Meanwhile, Animal Politico features a column by Sonja Wolf, a researcher with the Mexico City-based Institute for Security and Democracy (Insyde). Wolf takes a critical eye at a Mexico’s new comprehensive approach towards migration, launched earlier this year, noting that it suffers from a lack of funding and serious logistical flaws.

News Briefs
  • The L.A. Times reports on a conflict over water resources on the outskirts of Mexico City, noting that poor residents’ fears of having their water source diverted towards wealthier areas mirror widespread distrust that many Mexicans harbor towards the government and economic elites.
  • Lawmakers in the Brazilian state of São Paulo on Thursday passed a law prohibiting the use of masks during protests, amid concerns that it encouraged vandalism and confrontational black-bloc-style tactics against police, Globo reports. News site Ponte notes that similar laws have also passed in Minas Gerais and Rio de Janeiro states, measures which human rights groups like Conectas have claimed infringe on the right to protest.
  • The New York Times’ Simon Romero looks at how the response by some Brazilians to the injury of star soccer player Neymar in Friday’s game against Colombia, the result of a knee to the back by Afro-Colombian player Juan Camilo Zuñiga, illustrates persistent racism in the country.
  • The Nicaraguan government and the Chinese firm behind plans to build a rival to the Panama canal unveiled the proposed route of the canal yesterday, and announced that the project will break ground later this year.
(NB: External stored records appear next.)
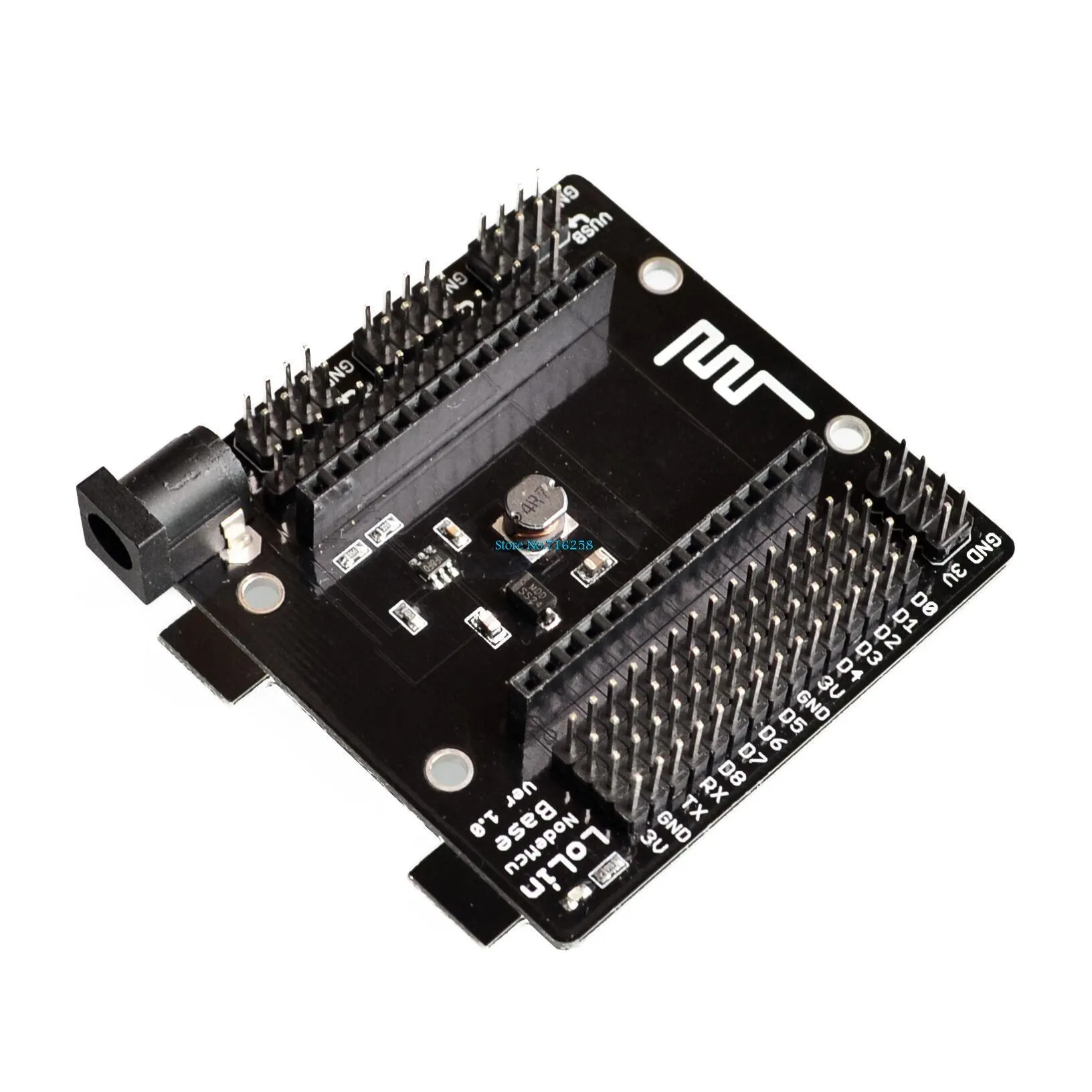 Nodemcu Node Mcu Ba…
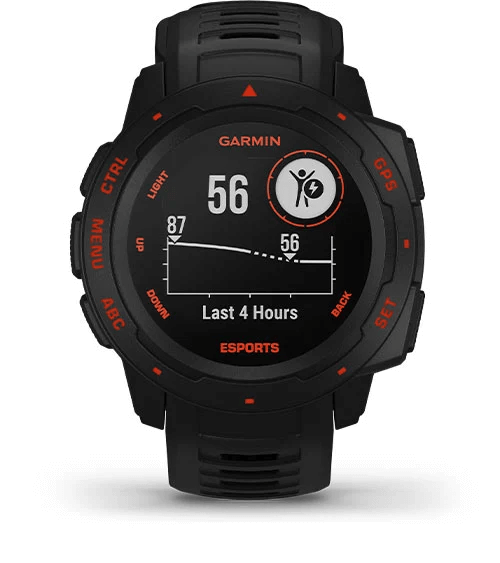 Garmin Instinct - Esports Edition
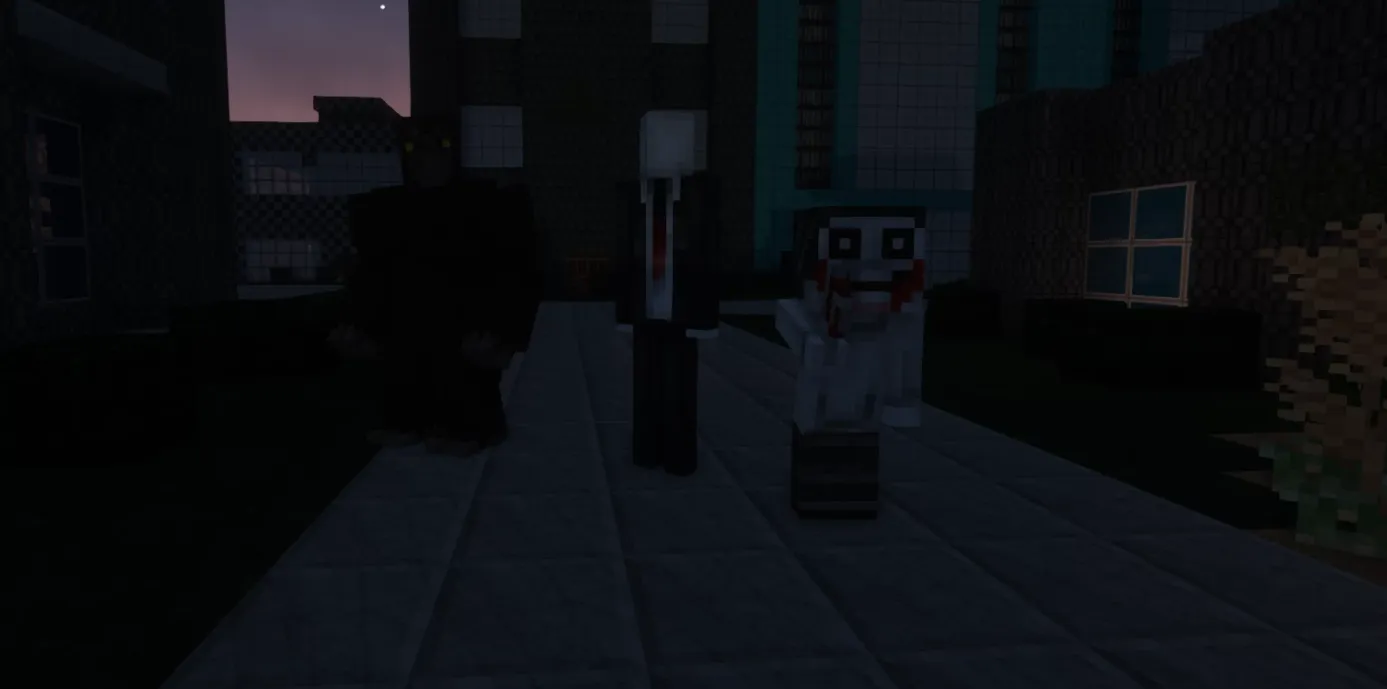 NightmareCraft Legacy — скриншот 5 (Модпаки, Minecraft)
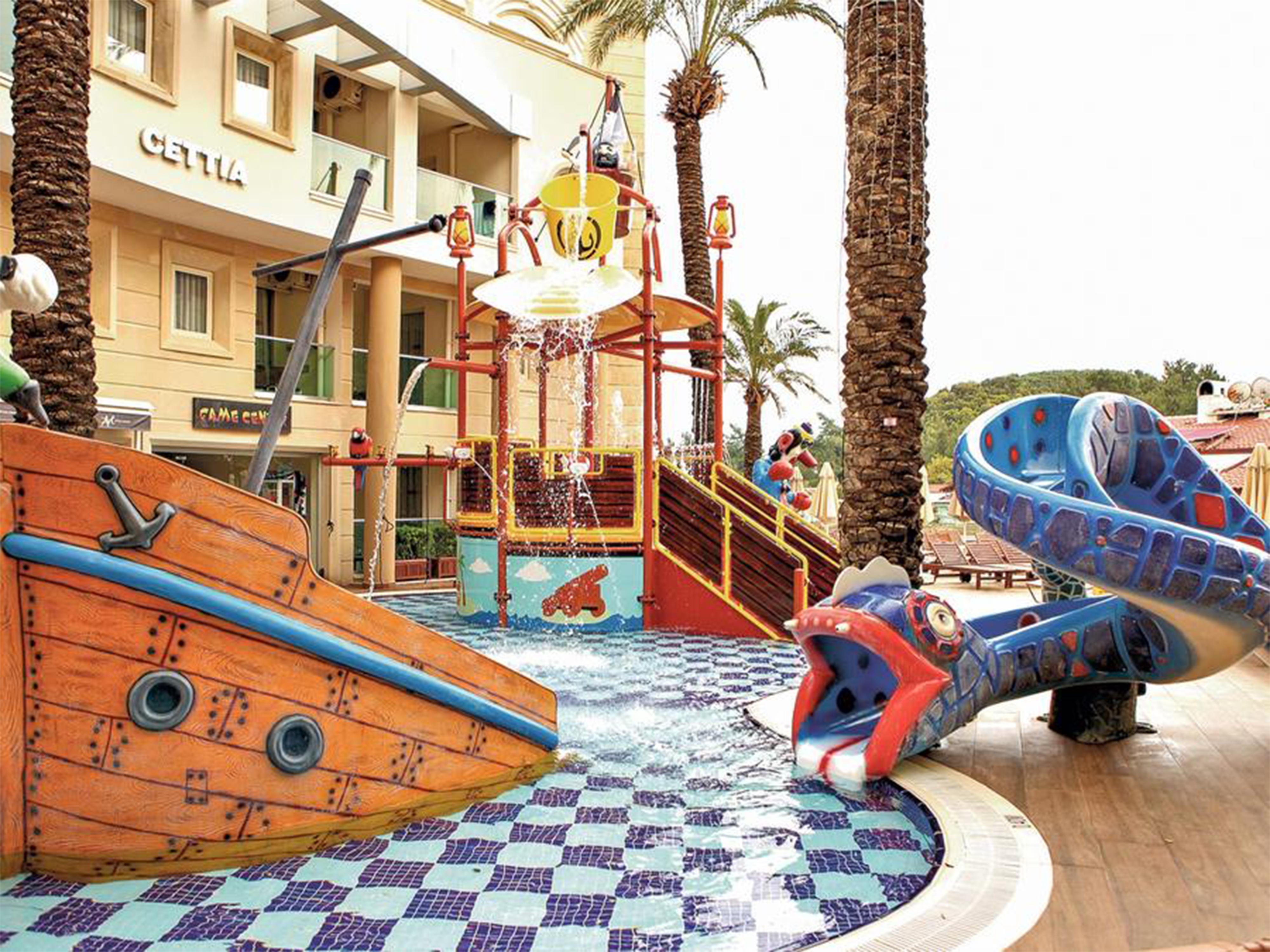 Grand Cettia Hotel Marmaris Luaran gambar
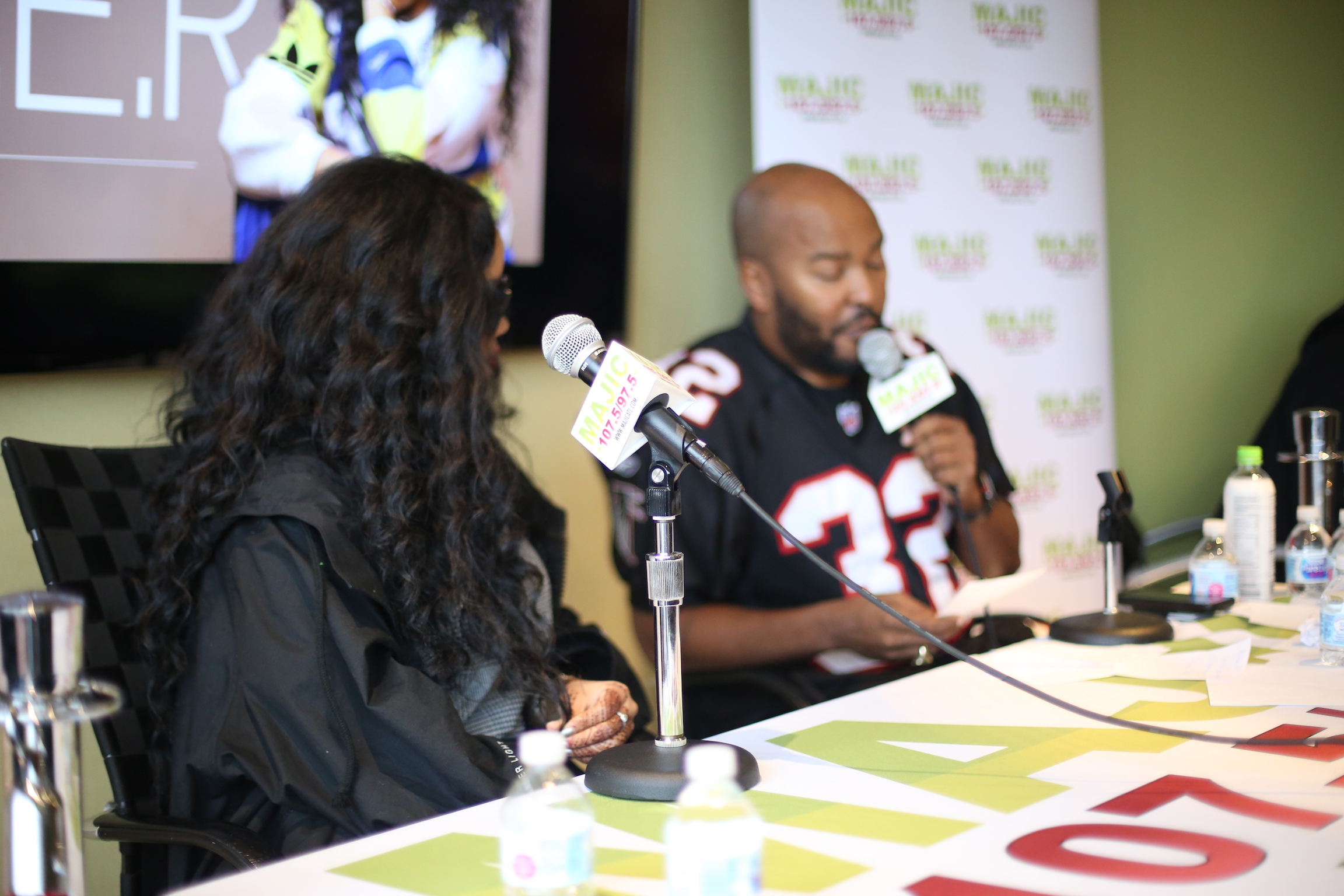 H.E.R Meet & Greet Atlanta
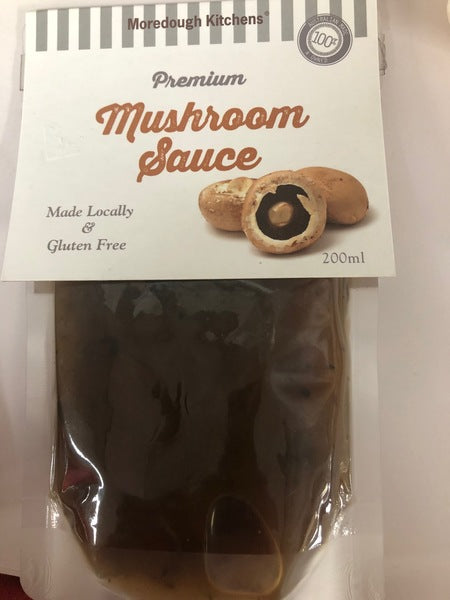 Mushroom Sauce | 200 ml | Moredough Kitchens | YG-003956-NCQ-007300
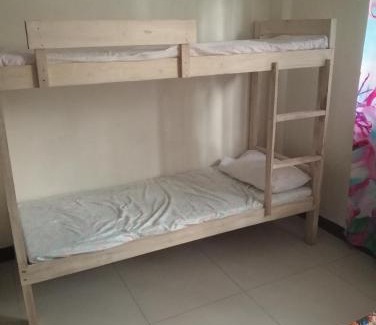 Kauswagan Apartamento | Taj dormitory house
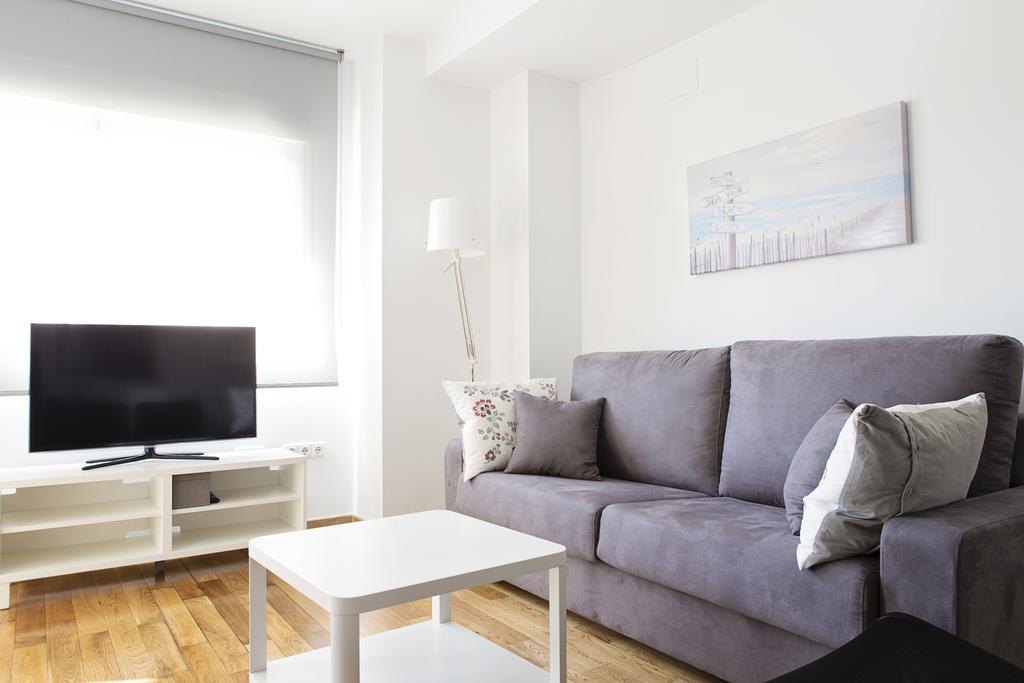 Suncity Flat Canovas Malaga Room photo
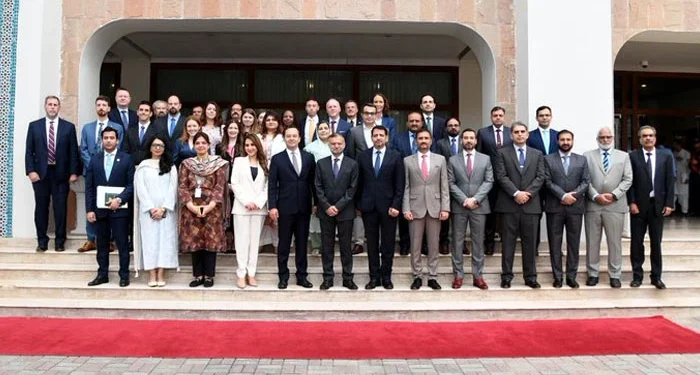 پاکستان اور امریکا کا نئی ٹیکنالوجی کے دہشتگردی میں استعمال سے نمٹنے پر اتفاق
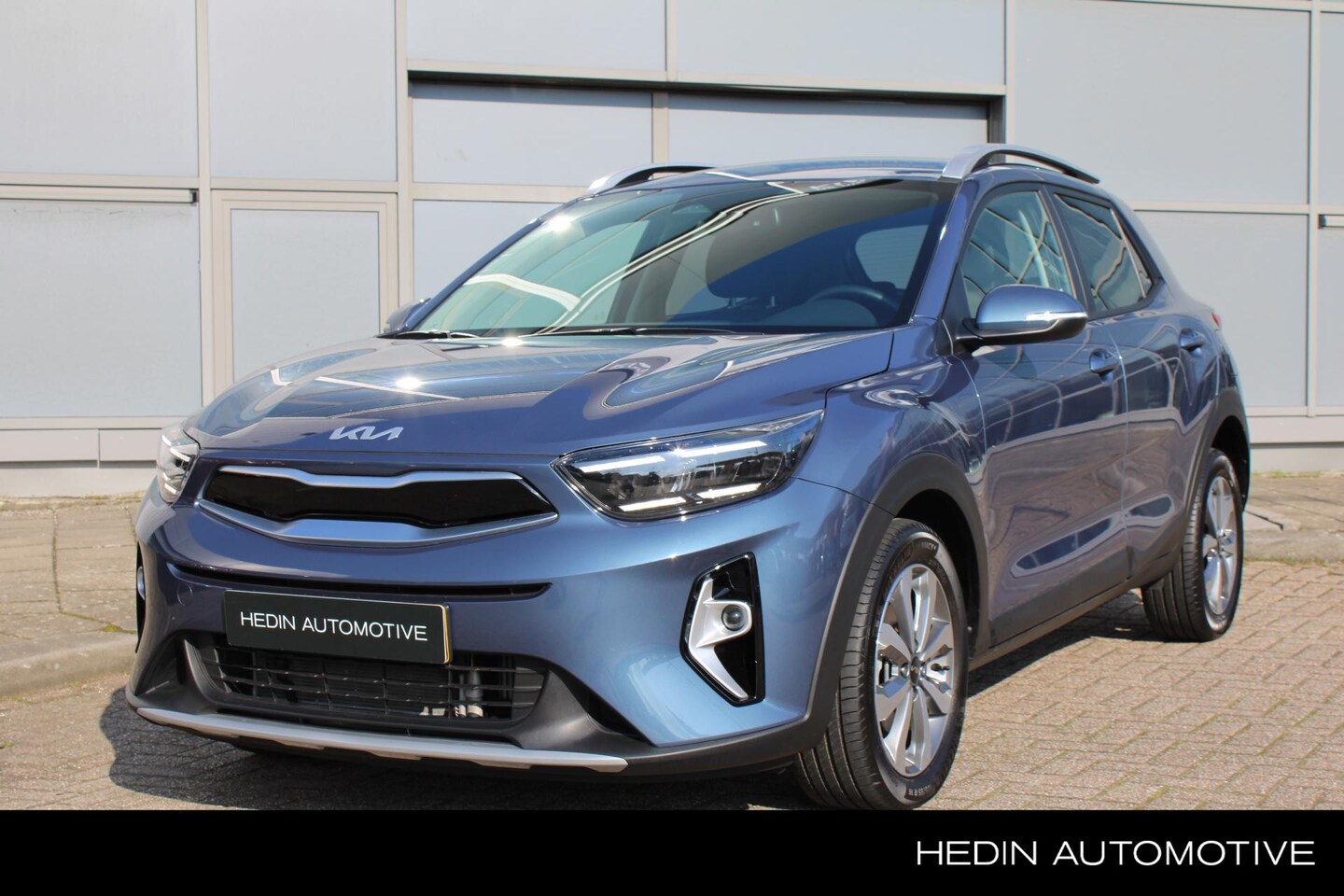 Kia Stonic - 1.0 T-GDi 100PK MHEV DynamicPlusLine | Navigatie | Camera | Climate control | Cruise contr - AutoWereld.nl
However, environmentalist critics of the plan claim that it could threaten Lake Nicaragua, the largest freshwater lake in Central America.
  • McClatchy features a skeptical take on Mexico’s telecommunications law, noting that while an initial law passed last year was billed as a blow to the country’s media monopolies, the debate over accompanying legislation has been marked by intensive lobbying efforts by major media conglomerates. Some lawmakers, especially in the opposition, have accused the ruling PRI of making arrangements with media giant Televisa to protect its interests.
  • While Peruvian President Ollanta Humala has defended Interior Minister Daniel Urresti from critics calling for his ouster because of the murder charges against him, a growing number of civil society actors in the country are demanding his resignation.  As Peruvian news site La Mula reports, the list now includes two former members of Peru’s Truth and Reconciliation Commission, Salomon Lerner Febres and Carlos Tapia.
  • While the U.S. and Venezuela exchanging charges d'affaires last week was described by Venezuelan authorities as part of a new effort to improve ties, State Department spokeswoman Jen Psaki told reporters yesterday that the move was not motivated by anything specific and that the U.S. retains “concerns” about accusations made against the U.S. by the Maduro government, BBC Mundo reports.
  • Chilean President Michelle Bachelet announced yesterday that her government intends to challenge the competency of the International Court of Justice to rule on a border dispute claim filed by Bolivia, which is seeking to recover maritime access, according to La Tercera.